JIMMY Spithill has vivid memories of the tragic 1998 Sydney to Hobart yacht race.
The then 19-year-old was on board Syd Fisher's supermaxi Ragamuffin when the boat, and most of the fleet, was hit by the fiercest storms and most violent winds the race has yet encountered.
Of the 115 yachts that set sail from Sydney Harbour - many of them under-prepared for and unaware of the conditions that lay ahead - just 44 made it to Hobart.
Five boats sank, 66 retired from the race, six sailors died and 55 others were rescued from their yachts, most by helicopter.
A coroner's inquest later laid the blame for the carnage at the feet of the Cruising Yacht Club of Australia, saying it had "abdicated its responsibility to manage the race".
The Bureau of Meteorology was also criticised for not doing more to alert the club of an upgraded forecast for a severe storm south of Eden (close to the New South Wales-Victoria border), nearly a day before the fleet was due there.
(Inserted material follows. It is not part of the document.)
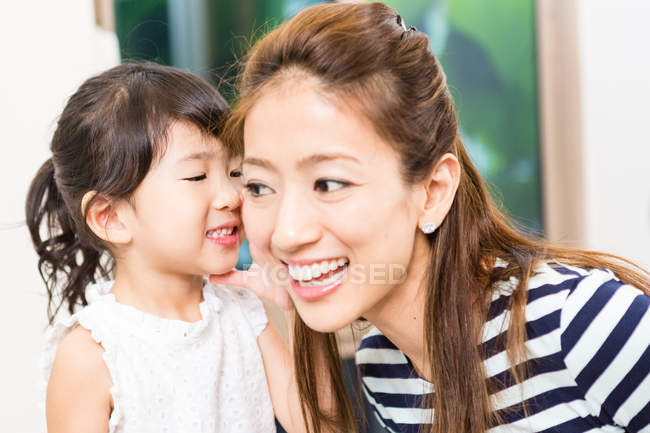 Little girl whispering into mother ear. — Stock Photo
Spithill has since become one of the world's most successful sailors, winning the America's Cup twice as a skipper, and he will again be on board American supermaxi Comanche this year, as he was 12 months ago when the boat finished 49 minutes behind Wild Oats XI in second place.
The weather forecast is again for severe conditions, although not as extreme as 1998, or 2004 when just 59 of the 116 starters survived 50 hours of gale force winds and rough seas to make it to Hobart.
The Aussie said he hoped to never go through anything like the 1998 race again.
"We really got caught in some bad weather. There were some tragic consequences," Spithill said.
"We were fortunate enough to get through and get third place.
"It was really frightening, a lot of adrenaline.
"I remember at the beginning of the storm getting really sick."
While the supermaxis like Comanche, owned by American billionaire Jim Clark and his wife, former top Australian model Kristy Hinze-Clark, and defending champion Wild Oats XI will cope with the conditions quite well, Wild Rose's navigator, Jenifer Wells, had a warning for those on the smaller boats.
"If your boat and your crew are not prepared to go and face 40 to 50-knot winds in Bass Strait or elsewhere, you should not be going," Wells, who piloted Wild Rose to overall victory last year, said. "For us smaller boats, we expect it at least once, but could be facing it twice."
While 40-50 knots would be bad enough, boats detected wind speeds up to 80 knots in 1998, as well as waves up to 20m high.
The strong winds forecast this year are likely to favour the supermaxis with Wild Oats XI, which has reached Constitution Dock first in eight of the last 10 years, last year's runner-up Comanche and fellow American boat Rambler expected to lead the battle for line honours.
Wild Oats XI navigator Juan Vila said the boat was preparing for the worst end of the forecast spectrum in pursuit of a ninth line-honours victory.
"We are preparing for that but we also look at different models and there are some models that suggest the wind is going to be lighter up front if the low does not develop east of Tasmania," Vila said.
Comanche's Stan Honey said his crew was looking forward to racing in anything except light conditions, which brought her undone in the battle against Wild Oats XI last year.
The crew has been reduced from 24 last year to either 19 or 20 this time in a bid to make the boat lighter and faster.
Comanche's record has been outstanding in the past 12 months, taking line honours in the 618 nautical mile race from Newport to The Lizard, off the south-western tip of England.
It also won the 185nm Stamford to Block Island Race in the US and the prestigious 608nm Fastnet Race of the south coast of England.